A wounded Marine Corps combat engineer and his family are moving to Advance, where they will live in a home being built by Habitat for Humanity Boone County and the Homes for Wounded Warriors project, after he “fell in love” with the community during a March visit.
Sgt. Jesse James was injured during his third deployment to Iraq and Afghanistan, Steve Furste, HHBC executive director said Wednesday, July 11.
It is the first Habitat for Humanity home to be built in Indiana expressly for a wounded veteran returning from combat, Furste said.
“We are really excited to be able to help a young soldier who has served his country and is coming back with an injury,” he said.
James was responsible for clearing routes for tactical convoys, including sweeping and searching for and destroying enemy explosives, Furste said. James suffered severe head trauma while trying to disarm an IED, Furste said. While he’s recovering at a hospital in southern California, James; his wife, Nicole; their two children, and his guide dog, Jag, will move into the home this September.

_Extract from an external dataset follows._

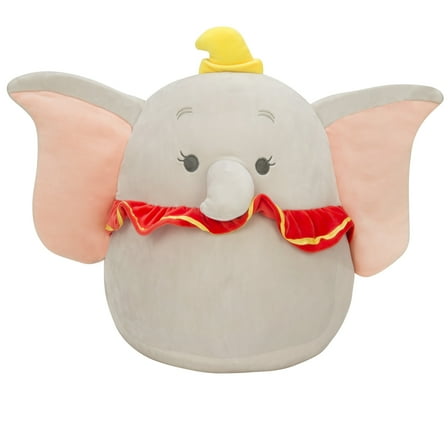 Squishmallows Official Plush 8 inch Disney Dumbo Childs Ultra Soft Stuffed Toy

Furste said HHBC is working with the Homes For Wounded Warriors Program on the James home. Founded by Capt. Markus Trouerbach — who commands a detachment of the Communications Company of the Headquarters and Service Battalion, 4th Marine Logistics Group, based at Grissom Joint Air Reserve Base — Homes for Wounded Warriors has built or is working on homes for three other injured veterans, in Fort Wayne, Indianapolis and North Carolina.
After connecting with HWWP, Furste was able to bring James to Boone County in March.
“He loved it,” Furste said. “We thought he wanted a home in Lebanon, but these guys who have been hurt in combat really like peace and quiet.”
James liked the rural Advance lot. “That’s what he wanted,” Furste said.